Liam Neeson made a huge mistake with his comments about seeking revenge on a Black man, but it is not a true picture of the actor.
I don’t believe for a second that Liam Neeson is racist. His cautionary tale about seeking revenge, which is the theme of his new movie, "Cold Pursuit", should be placed in the context of his full remarks.
Here is the quote in full from Neeson's interview with The Independent. He is talking about seeking revenge after a close friend in London was raped.
“I went up and down areas with a cosh, hoping I’d be approached by somebody — I’m ashamed to say that — and I did it for maybe a week, hoping some … ‘black bastard’ would come out of a pub and have a go at me about something, you know? So that I could … kill him.
“It was horrible, horrible, when I think back, that I did.”
Notice he says, “I’m ashamed to say that” and “It was horrible, horrible that I think back that I did that.”
He is clearly recognizing how wrong his actions back then were and owning up to them.
He was attempting to explain how violent revenge is a poisonous notion that in his case could have ended very badly for both him and the person he wanted to attack.
Read more: Liam Neeson's top movie roles
Unfortunately, his telling of the tale was utterly undermined by the phrase “black bastard” but you have to consider Neeson was describing his mindset after the rape of a close friend back then, a mindset he now utterly rejects.

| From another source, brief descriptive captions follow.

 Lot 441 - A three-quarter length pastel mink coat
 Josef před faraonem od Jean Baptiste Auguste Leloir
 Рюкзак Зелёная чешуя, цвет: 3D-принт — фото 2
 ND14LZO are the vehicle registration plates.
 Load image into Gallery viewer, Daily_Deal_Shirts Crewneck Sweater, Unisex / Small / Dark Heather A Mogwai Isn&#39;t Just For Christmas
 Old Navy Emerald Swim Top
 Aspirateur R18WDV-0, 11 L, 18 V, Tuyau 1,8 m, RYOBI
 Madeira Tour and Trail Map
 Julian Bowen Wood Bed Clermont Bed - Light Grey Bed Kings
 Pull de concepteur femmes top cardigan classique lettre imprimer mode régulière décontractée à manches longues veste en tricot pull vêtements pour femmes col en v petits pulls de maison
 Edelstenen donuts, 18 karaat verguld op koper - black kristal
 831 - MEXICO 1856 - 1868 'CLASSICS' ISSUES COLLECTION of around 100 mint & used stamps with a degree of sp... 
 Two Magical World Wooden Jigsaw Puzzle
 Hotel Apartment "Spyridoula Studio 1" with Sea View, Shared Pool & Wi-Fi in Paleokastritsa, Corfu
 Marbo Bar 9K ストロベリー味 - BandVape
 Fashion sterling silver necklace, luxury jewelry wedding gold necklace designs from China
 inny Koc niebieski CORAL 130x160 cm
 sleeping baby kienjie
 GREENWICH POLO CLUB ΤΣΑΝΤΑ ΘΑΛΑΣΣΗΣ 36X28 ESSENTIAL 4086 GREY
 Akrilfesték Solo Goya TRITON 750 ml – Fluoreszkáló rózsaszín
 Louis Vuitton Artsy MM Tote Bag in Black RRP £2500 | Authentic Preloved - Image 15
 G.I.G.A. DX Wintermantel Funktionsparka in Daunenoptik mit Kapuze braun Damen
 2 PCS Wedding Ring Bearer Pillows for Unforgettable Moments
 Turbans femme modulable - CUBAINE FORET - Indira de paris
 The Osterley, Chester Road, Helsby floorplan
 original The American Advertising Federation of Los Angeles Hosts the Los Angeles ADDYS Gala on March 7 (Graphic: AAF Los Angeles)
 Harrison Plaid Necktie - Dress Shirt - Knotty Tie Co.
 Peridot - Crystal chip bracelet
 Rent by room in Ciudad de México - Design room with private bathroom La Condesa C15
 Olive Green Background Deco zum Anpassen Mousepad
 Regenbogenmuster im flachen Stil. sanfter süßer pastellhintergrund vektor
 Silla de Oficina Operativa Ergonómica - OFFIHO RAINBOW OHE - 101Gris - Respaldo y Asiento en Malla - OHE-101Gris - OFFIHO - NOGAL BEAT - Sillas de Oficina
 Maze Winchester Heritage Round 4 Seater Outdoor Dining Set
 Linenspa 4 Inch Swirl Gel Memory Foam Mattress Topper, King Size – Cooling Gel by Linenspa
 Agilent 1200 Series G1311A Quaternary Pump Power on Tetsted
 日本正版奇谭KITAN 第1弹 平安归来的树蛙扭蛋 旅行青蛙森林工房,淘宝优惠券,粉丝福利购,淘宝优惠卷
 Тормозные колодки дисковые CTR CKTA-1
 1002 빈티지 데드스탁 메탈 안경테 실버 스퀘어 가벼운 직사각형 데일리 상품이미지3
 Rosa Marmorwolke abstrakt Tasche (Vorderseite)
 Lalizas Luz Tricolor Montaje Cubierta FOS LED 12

The use of “black bastard” is unforgivable and knowing Neeson there is no one kicking himself harder for such a terrible epithet. But please do not equate that sentiment as Liam Neeson’s true personality. That is not the man I know for many years at all.
What started out as an attempt at a tale of redemption has turned into a public relations nightmare for him, but it by no means encompasses the full personality of the man.
In today’s hyper-heated media environment, the only line that mattered on Twitter and elsewhere was the one with the most shock value. That’s the world we live in where context is rarely given.
Consider too, that when the shoe was on the other foot when African American rapper Azealia Banks was in Dublin two weeks ago, she said far worse.
Referring to Irish people she claimed “... most of you can't talk or write lol."
"You lot are a bunch of prideful inbred leprechauns who have ZERO global influence and ZERO white privilege. The rest of the world's white folk don't want to associate with you lot at all and it's because you are barbarians."
Two wrongs don’t make a right but what Banks stated was truly hateful and she suffered no consequences.
So, before you join the hanging line let's place Neeson’s remarks in context as described above. He uses his fame to help so many worthy causes such as UNICEF and numerous Irish charities. He has lent his distinctive voice to scores of worthy Irish efforts, the new Irish Arts Center here in New York for one. He has anonymously helped out many others who needed a hand
Ten years ago, next month Liam Neeson lost his wife in a tragic skiing accident. How he dealt with that and raised his two outstanding sons as a single father makes clear this is a class act. He was wrong to use such crude language but let’s not round up a lynch mob here over it. This is a good man who said and did something wrong some years ago and was trying to apologize for it. Unfortunately, he made it worse.